■ Your goal ■
Write out the lines below once more, exactly as they appear. Do not include pictures.

::: Data

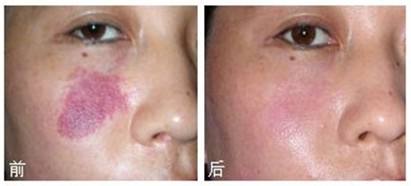激光治療蜘蛛痣優點有哪些
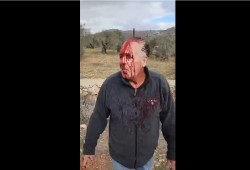 إصابات واعتقالات في هجوم للمستوطنين وجيش الاحتلال على سلواد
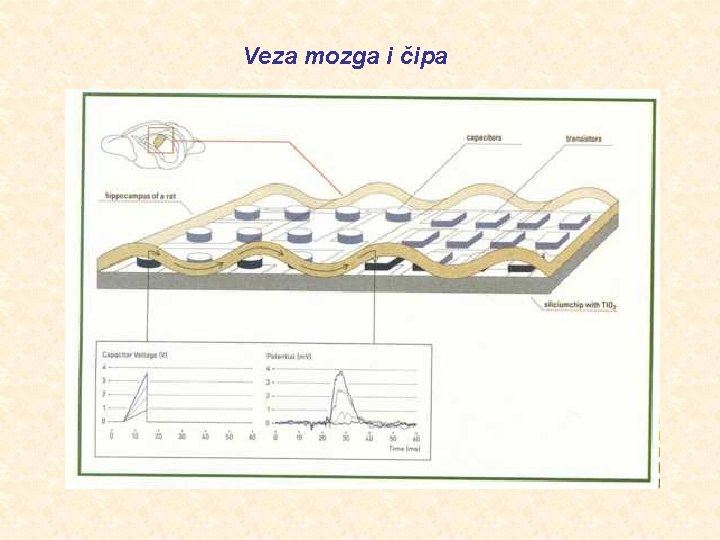 Veza mozga i čipa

::::::

■ Result for this task ■
激光治療蜘蛛痣優點有哪些
 إصابات واعتقالات في هجوم للمستوطنين وجيش الاحتلال على سلواد
 Veza mozga i čipa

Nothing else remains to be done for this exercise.